Co-authored with esther-derby, johanna-rothman, and don-gray, this 2013 Leanpub book brings together four voices from the Weinberg community to address organizational change as a craft. The "artistry" framing resists the idea that change can be managed through technique alone — it requires judgment, improvisation, and the ability to read what a situation needs.
The satir-change-model provides the theoretical backbone. Change is not a transition from one stable state to another along a smooth path; it passes through chaos, and people in chaos behave differently from people in stability. The change agent who doesn't account for this will keep being surprised by resistance, regression, and apparently irrational behavior.
congruent-behavior is central to the consulting and facilitation sections. Change efforts fail when leaders say one thing and do another, when the espoused theory and the theory-in-use are visibly different. People watch behavior far more closely than they listen to words, and incongruence destroys the trust that change requires.
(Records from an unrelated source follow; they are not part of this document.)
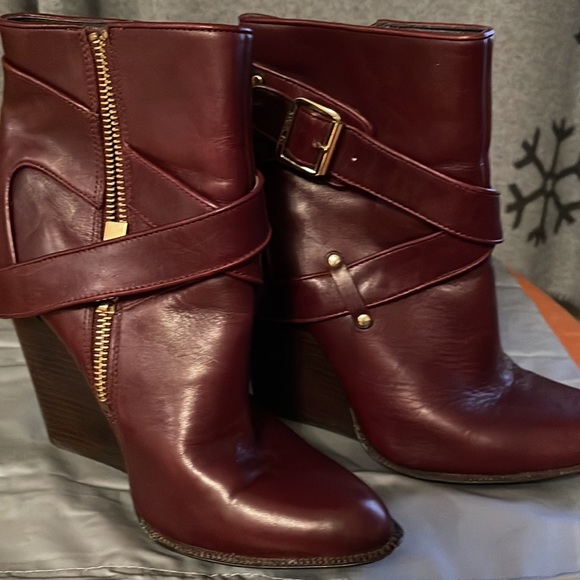 Rachel Zoe ankle wedge boot burgundy color - Picture 4 of 8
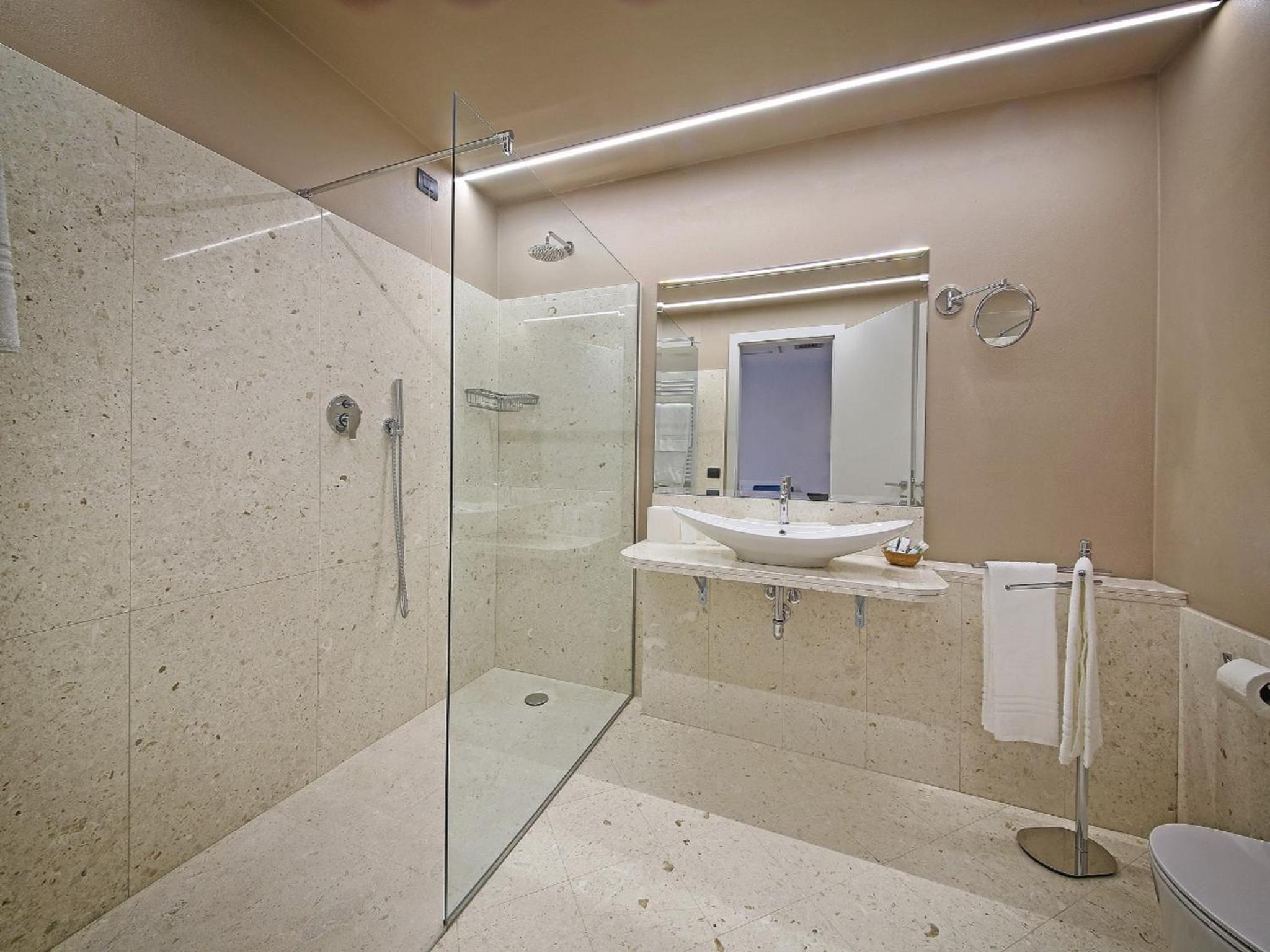 Junior Suite with Balcony and Lake View - Photo 5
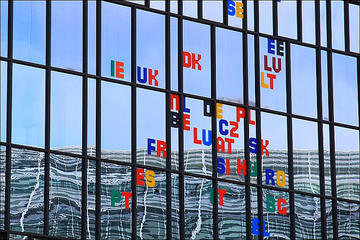 Riflessi sul palazzo del Consiglio europeo, a Bruxelles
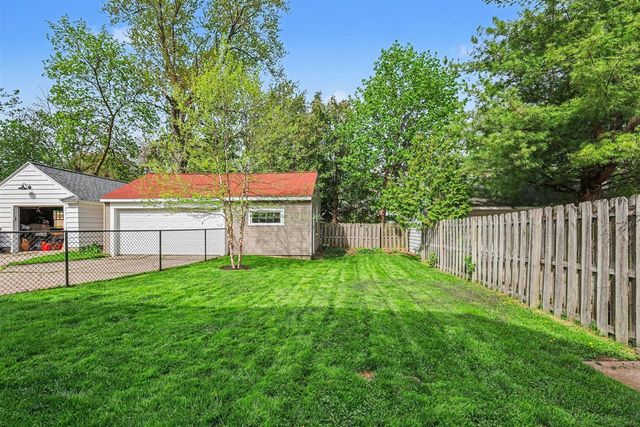 225 Lawndale Avenue, Grand Rapids, MI 49503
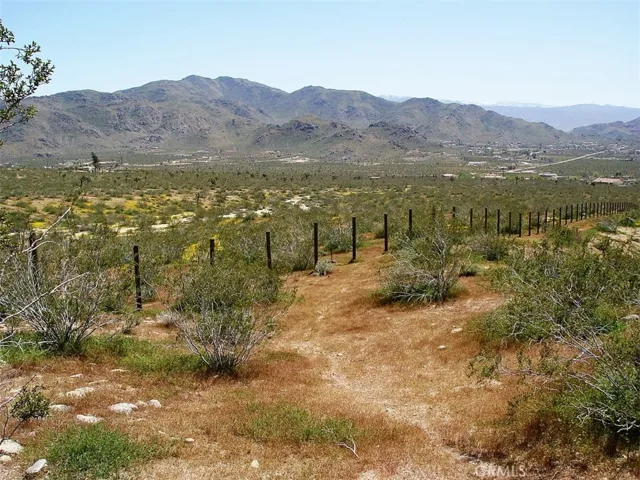 1 Susie Lane, Apple Valley, California 92307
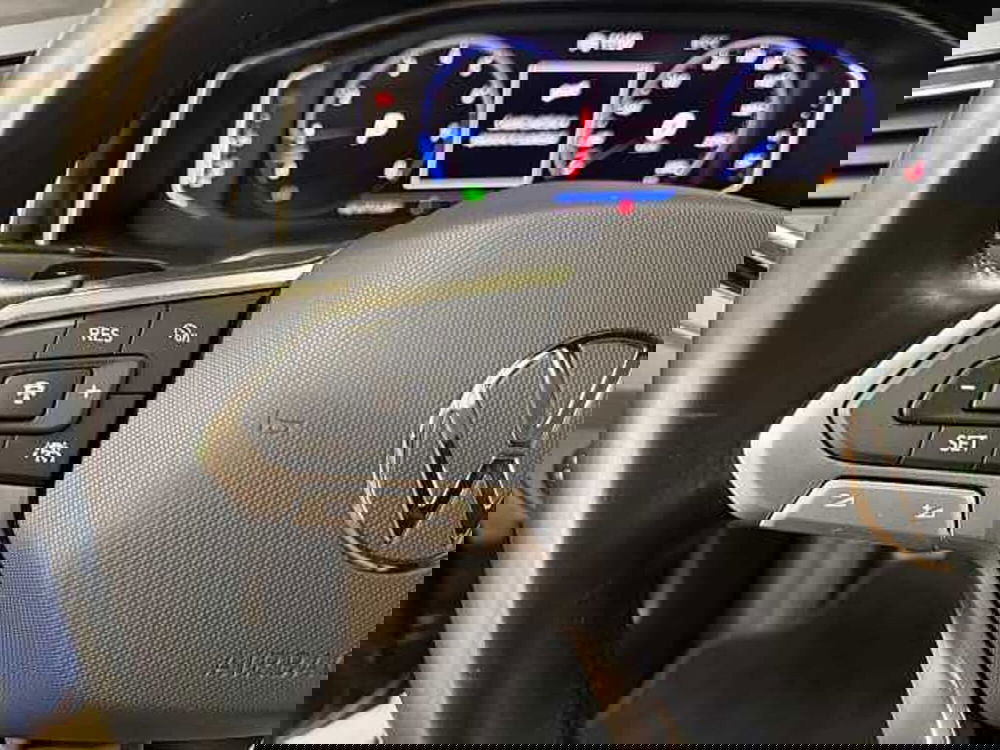 Volkswagen Taigo usata a Milano (16)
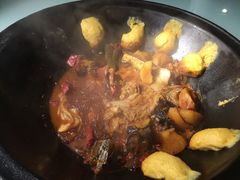 -鱼窝棚柴火铁锅炖(富山屯店)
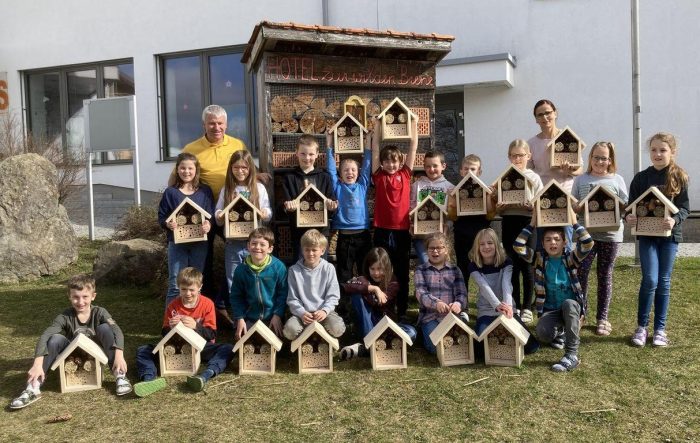 Klimaschulen bauen Insektenhotels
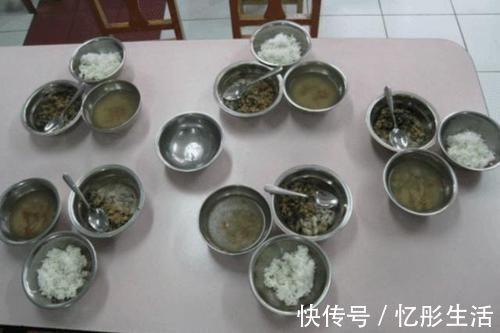 幼儿园|“幼儿园的饭真香”,妈妈看到女儿发来的照片后,开始怀疑人生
The multi-author format reflects the aye-conference community's collaborative culture. Derby, Rothman, and Gray each brought their own decades of practice, and the book's texture reflects genuine dialogue among perspectives rather than a single authoritative voice. Weinberg's role was as much convener and senior perspective as primary author.
The choice of leanpub as publisher signals the shift in Weinberg's late career toward direct-to-community distribution, bypassing the long production cycles of traditional publishing in favor of reaching readers while the thinking was fresh.